Try this instead (assuming that parameter User contains the name of the user):
using(var dataSet = new ExampleDataSet())
{
var loggedIn = dataSet.Employee.Any(e=>e.UserName == User && e.Password == Pass);
var message = loggedIn ? "You are logged in" : "You are not logged in";
MessageBox.Show(message);
return loggedIn;
}
When you return, the function execution will stop, because it's done and will return the value to what it was called from. So anything after your return won't happen. Try putting MessageBox.Show before return:
MessageBox.Show("You are logged in");
return true;
And the same for the false version.
The Message boxes wont show as they are after the return statements - move your message boxes to before the returns to see them.
I have made changes in your code....Your if-else part is not valid......You are comparign employee.ID with employee itself..Try out with following code.....
public bool UserLogin(string User, string Pass)
{
var Database = new ExampleDataSet();
var query = from Employee in Database.Employee
where (Employee.EmployeeID.ToString().ToLower().Equals(User.ToLower())&& Employee.Password.ToString().ToLower().Equals(Pass.ToLower())
select Employee;
if (query.Count() != 0)
{
MessageBox.Show("You are logged in");
return true;
}
else
{
MessageBox.Show("You are not logged in");
return false;
}
}
private void cmdLogin_Click(object sender, EventArgs e)
{
string User = (txtUser.Text);
string Pass = (txtPass.Text);
UserLogin(User, Pass);
}
If you mean user = employeeId
Employee.EmployeeID.ToString() == user.ToLower()
if not :
Employee.EmployeeName.ToLower() == user.ToLower()
About the message box, you should know any statement after return will not be executed
Writing your own user authentication is not recommended. It is very difficult to do it right, and in most cases you can use one that is already provided by Windows or the dot net framework.
For example, your application should not store the users passwords in plain text. If your application or database is compromised, the attacker will not only gain full access to your application, but a list of passwords which it is likely the users have also used elsewhere.

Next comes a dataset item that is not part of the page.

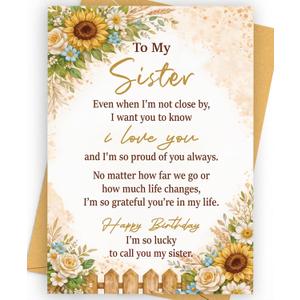 3 x Sister Birthday Card Gifts | Happy Birthday Card Gifts for Sister Adult | Romantic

If you need to store the users credentials, they should first be salted, and then hashed with a secure hashing algorithm. This prevents anyone who gains access to the database from learning users passwords.
To verify the password, you look up the salt in the database, append the password to it, hash the result, and then compare that with the stored value. If they are the same, then the user entered the correct password.
If you are writing an application that will be used in a windows domain, you can use Active Directory groups to control access to your application. On the simplest level, you can store your application in a folder which is only accessible by the authorised users.
You can also use groups to control access to the database the application connects to. If you are using SQL server, each group should be placed in a SQL database role, which is in turn granted the necessary permissions for that role.
From within the application, you can look up the users group membership, and use it to determine which forms / menu options to show, or exit the application if they are not authorised.
If you are writing an ASP.Net application, consider using MemberShip and Roles which are built in to the framework.